Falchi considera inviável, para atendimento no SUS, um modelo similar à psicoterapia apoiada por psicodélicos tal como vem sendo investigada nos Estados Unidos. Além de caro, o acompanhamento das longas sessões de dosagem por dois terapeutas dá margem a interferências indevidas dos profissionais que não forem muito bem treinados, pois o paciente se torna sugestionável: “É uma janela muito grande para o médico inserir coisas indesejáveis, por maldade ou despreparo”, preocupa-se (e, com efeito, pelo menos um caso de abuso sexual por terapeutas fez parte das objeções da FDA, em agosto de 2024, à terapia com MDMA para estresse pós-traumático).

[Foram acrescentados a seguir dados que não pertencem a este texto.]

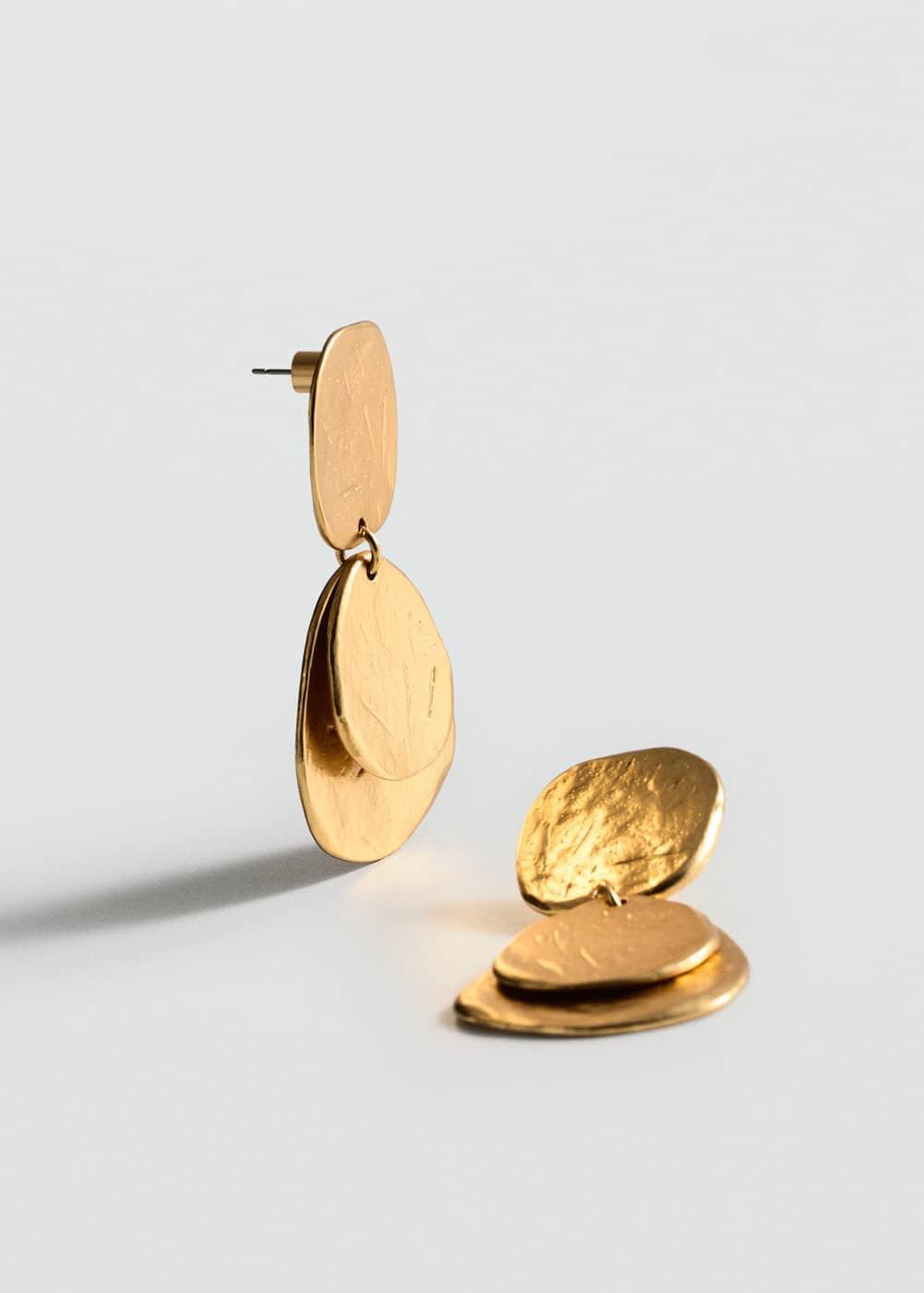 MANGO - Long coin earrings - One size - Women Product Image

Caso sessões mais curtas de DMT se revelem eficazes contra depressão, o psiquiatra paulista vislumbra um esquema de atendimento diferenciado. Por exemplo, clínicas que se especializem em aplicar doses de psicodélicos, monitorar pacientes durante o procedimento e devolvê-los ao serviço psicológico ou psiquiátrico em que já se tratavam. A DMT entraria com uma lufada de neuroplasticidade, sem elaboração de conteúdos no auge da experiência psicodélica, breve e intensa. Só no período subsequente, de efeitos subagudos, ocorreria tratamento psicoterápico em sentido estrito. Para isso, seria necessário capacitar um número bem menor de terapeutas do que no protocolo usual de psicoterapia psicodélica, e o treinamento poderia ser mais curto. “Por eu ter vindo do SUS, sei que não vai dar. Para a Vera Fischer dá; para o seu Cícero, não.”